You are more than welcome to read and do all of it, but no one says you have to do anything.
If you just follow along the path that is most relevant to you, you will be just fine.
The guide does contain code, sometimes just small snippets, but also frameworks in which most of a module will take place.

Most importantly - Don't panic! This stuff can be very fun. Take some breaks to play around with the code! Forcing your way through the material to just "get it over with" is ultimately a waste of your time, some of the concepts introduced, such as memory hierarchies, parallelism and floating point precision can require your mind to rewire itself. Let it marinade for a bit. This is a marathon, not a sprint.

And now for something completely different... practicalities!

🧬 Specializations

Throughout the guide there are sections and exercises prefixed by 🧬. These exercises and topics are meant to be up to you to follow. If you are mostly interested in deep learning, by all means only read and do the sections and exercises which are relevant to deep learning. Which section and exercise is relevant to which specialization will be explained in each section.

Additional Reading

The secret bonus level! It is in no way expected that you read all of the links in additional reading, but if you find a topic interesting some additional links to help you along are present in the "Additional Reading" sections at the bottom of select pages. The references here will generally be more advanced. Typically these references will be to book chapters, university courses, scientific papers and in-depth blog posts. In a lot of cases they are also the basis for the content in the section above it.

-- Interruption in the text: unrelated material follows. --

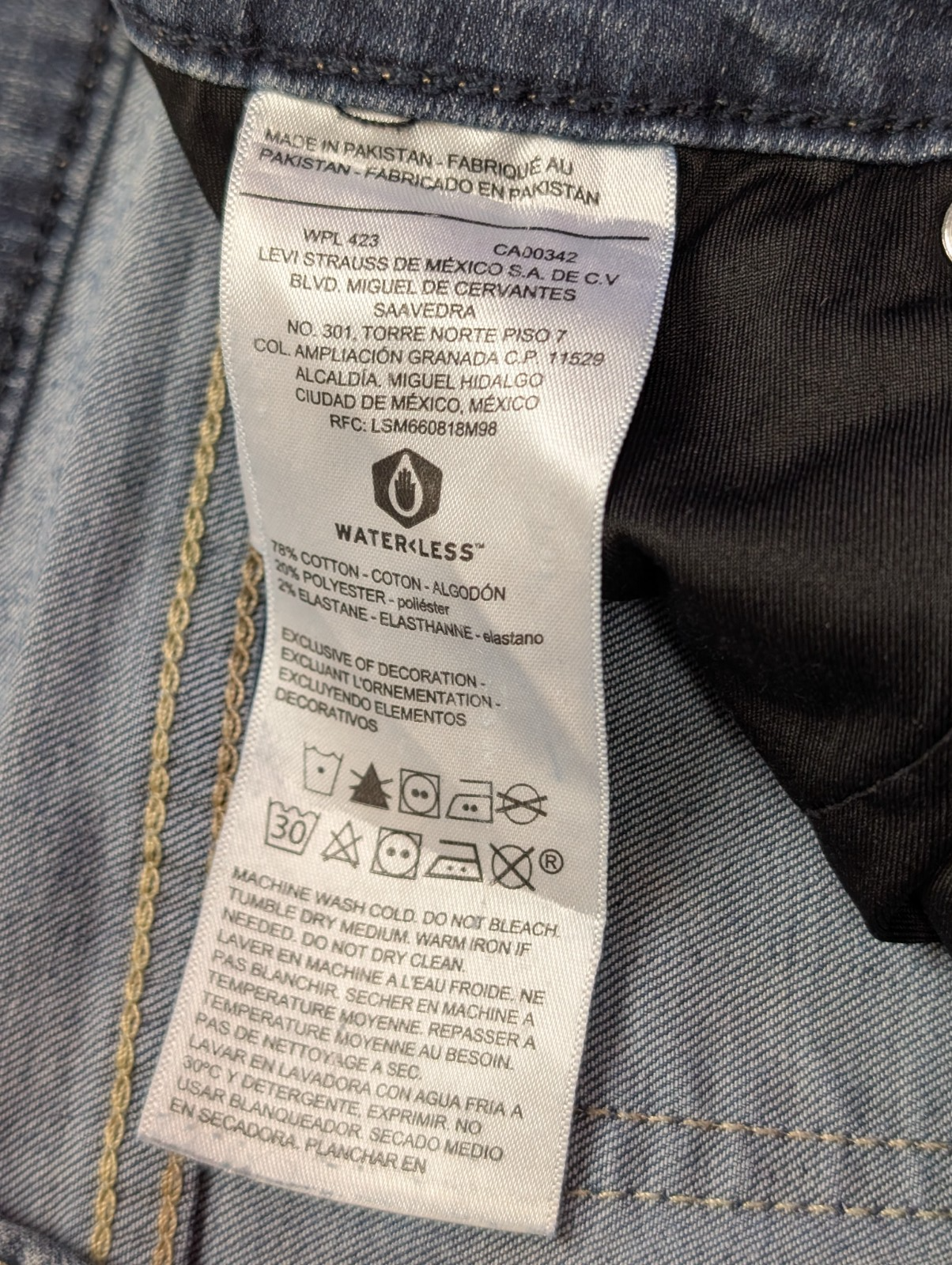 Jean Levi's Signature Femme Bleu Ultra Stretch W33 L30 État Impeccable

👨🏼‍💻 Exercises and Teaching

Sections indicated by 👨🏼‍💻 are recommended exercises if you want to really learn the topics in-depth or if you are following a course based on the material.

If you are a teacher who wants to make use of this material, feel free to use this course site for inspiration. The course focuses on teaching real-time systems for deep learners and visual systems programmers.
It allocates half of 15 days to go through the material in the guide and the other half to making a project relevant to the students' specialization, which is the contents of m6.
It is designed to give shallow introductions to a wide range of concepts with a handful of varying exercises. The student is to then go back and explore the topics relevant to their specialized project in greater detail. The breadth of topics is quite wide, and each student shouldn't be expected to pass an exam in every topic. In most cases they might remember that a thing exists and that they can search for it. The thing they hopefully all learn is how to reason about performance, systems design and that getting your hands dirty can be both fun and motivating.

It is important to note that the material and exercises have been made with a range of potential students in mind. From having taught themselves Python to experienced C++ programmers, from specialized in computer graphics to being a deep learning PhD. There is a range in everything, including the exercises and hand-ins. As such it is very important to specify to students which parts of the exercises and hand-ins they are expected to do and which parts they are invited to do if they find it interesting.

This website has since I taught the course seen quite a few changes based on student feedback, they don't correspond 1-to-1 any longer.